### Your instructions
Restate the data exactly as given and keep the pictures out.

### Information shown
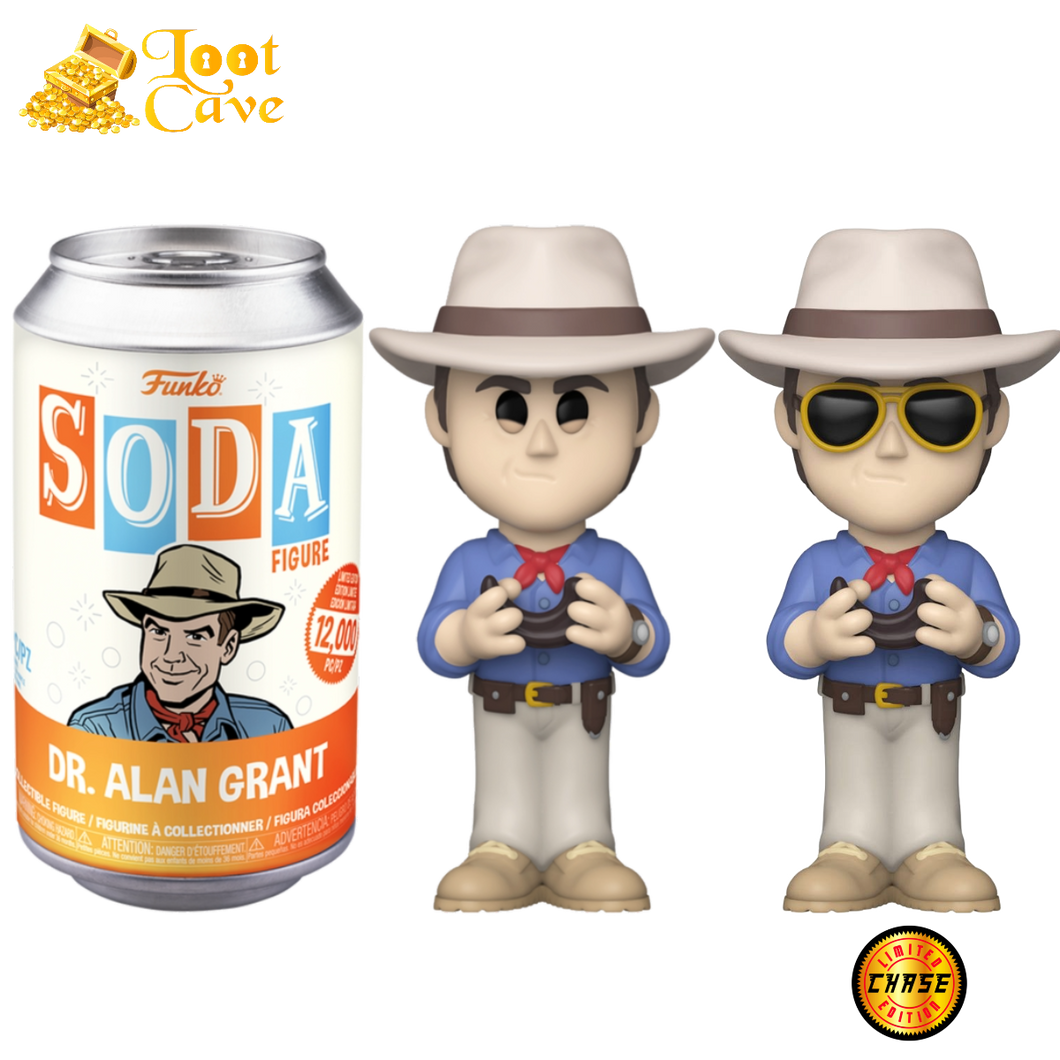 Jurassic Park - Dr. Alan Grant Soda Figure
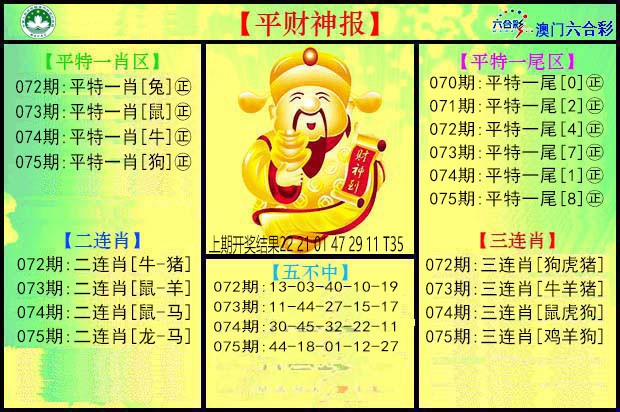 075期平财神[图]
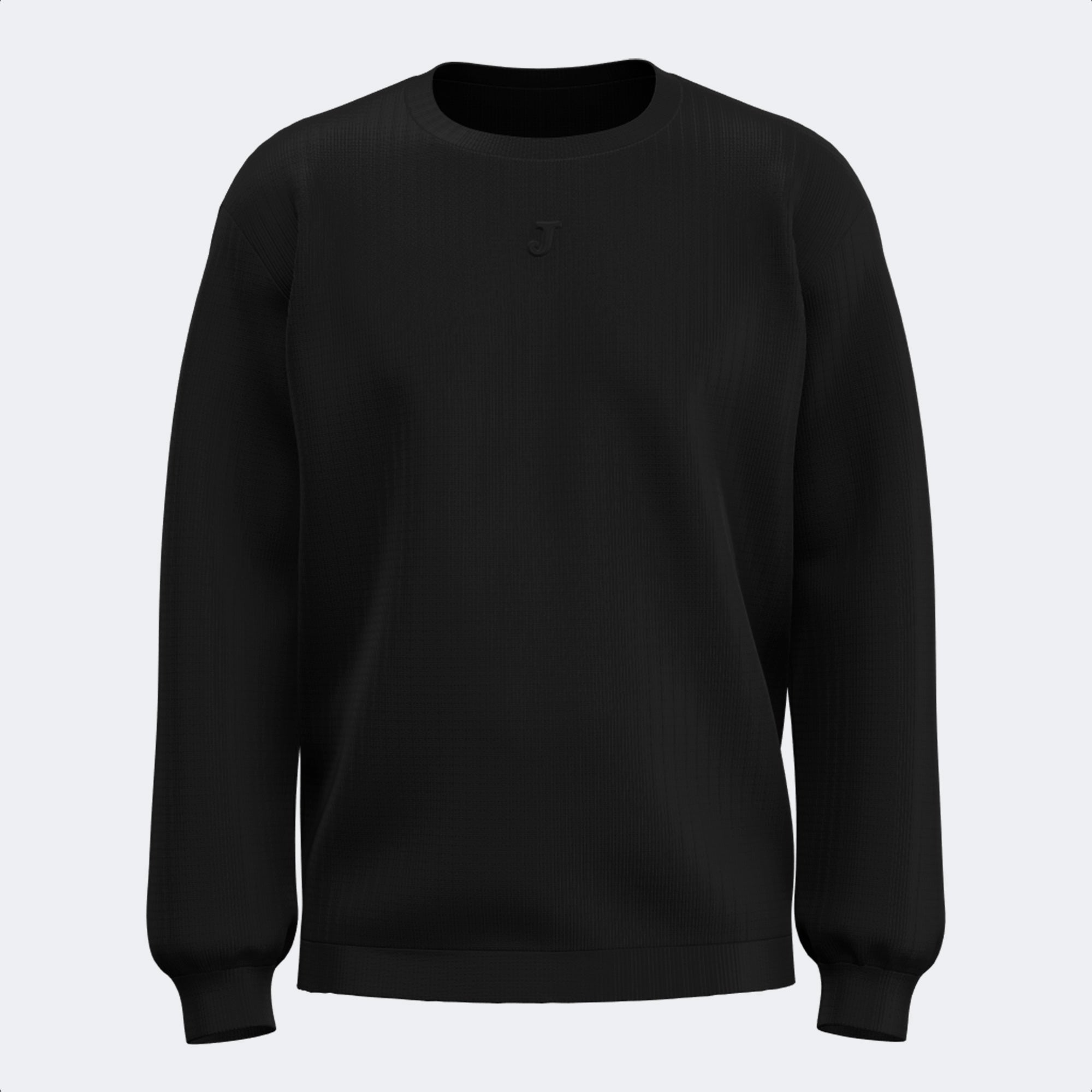 URBAN AESTHETICS LONG SLEEVE JUMPER - NERO - NERO
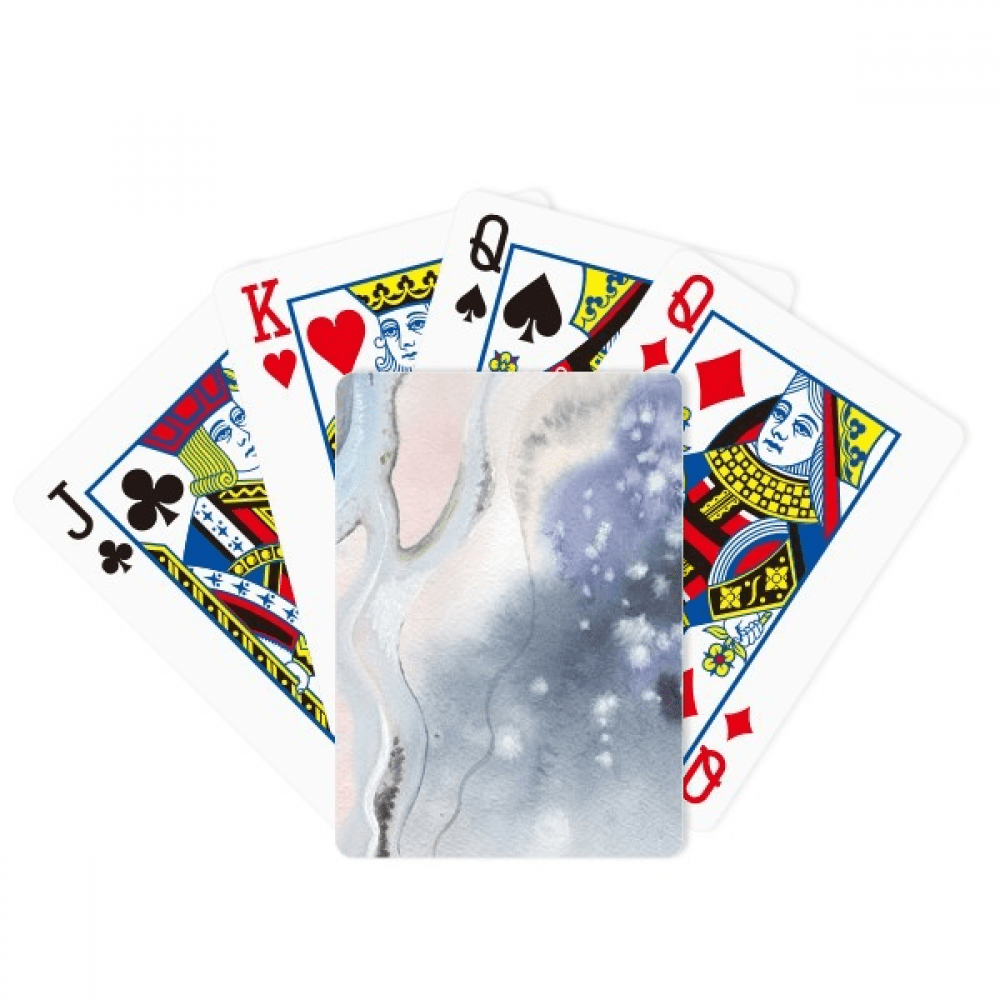 Ink Watercolor Shading Poker Playing Magic Card Fun Board Game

### Result
 Jurassic Park - Dr. Alan Grant Soda Figure
 075期平财神[图]
 URBAN AESTHETICS LONG SLEEVE JUMPER - NERO - NERO
 Ink Watercolor Shading Poker Playing Magic Card Fun Board Game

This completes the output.